■ ASSIGNMENT
Please return exactly the lines below that run from the line with "Calcetines de media" through the end of the listing, both included, but not the pictures.

■ GIVEN DATA
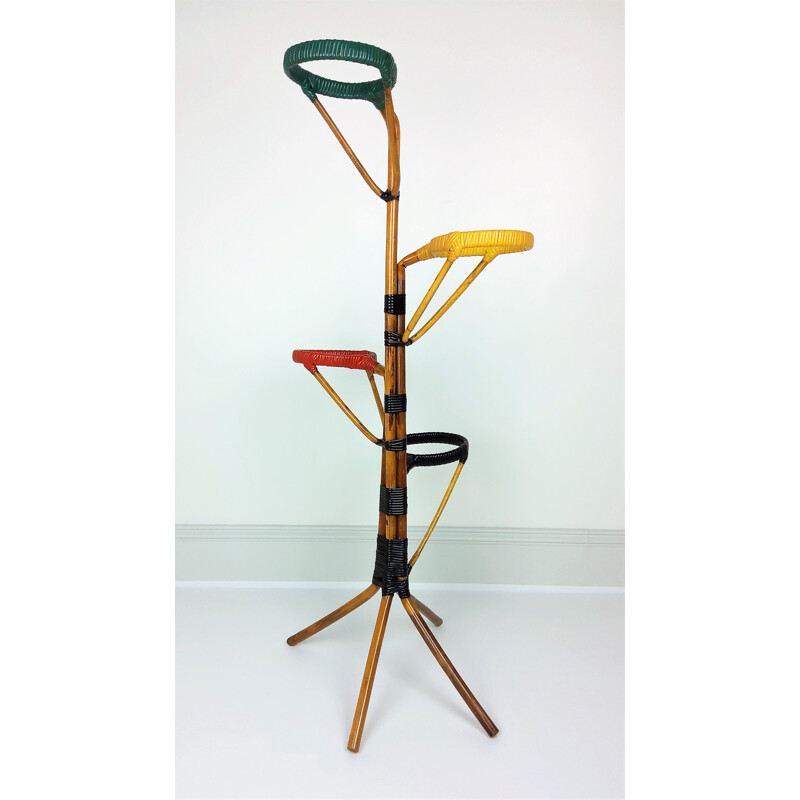 Vintage rattan and scoubidou plant stand 1960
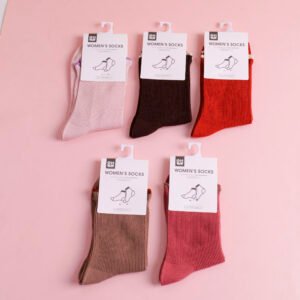 Calcetines de media pantorrilla para mujer de color liso de encaje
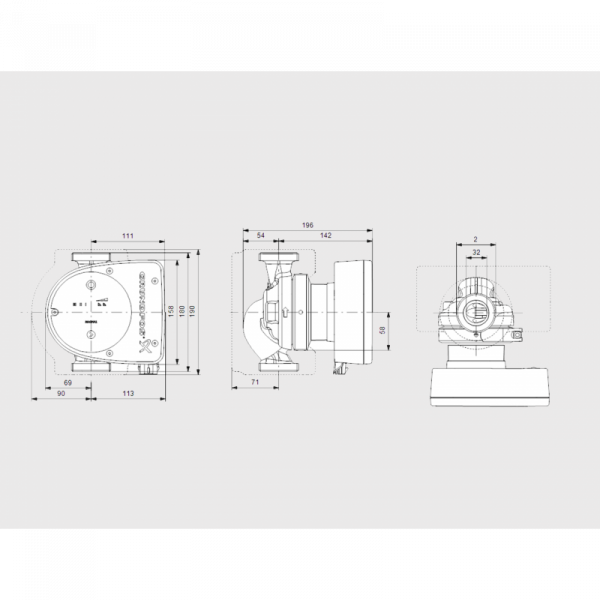 Pompa recirculare, 188 W, 9,7 m³/h, 180 mm., Grundfos MAGNA1 32-120 [2]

■ SOLUTION
 Calcetines de media pantorrilla para mujer de color liso de encaje
 Pompa recirculare, 188 W, 9,7 m³/h, 180 mm., Grundfos MAGNA1 32-120 [2]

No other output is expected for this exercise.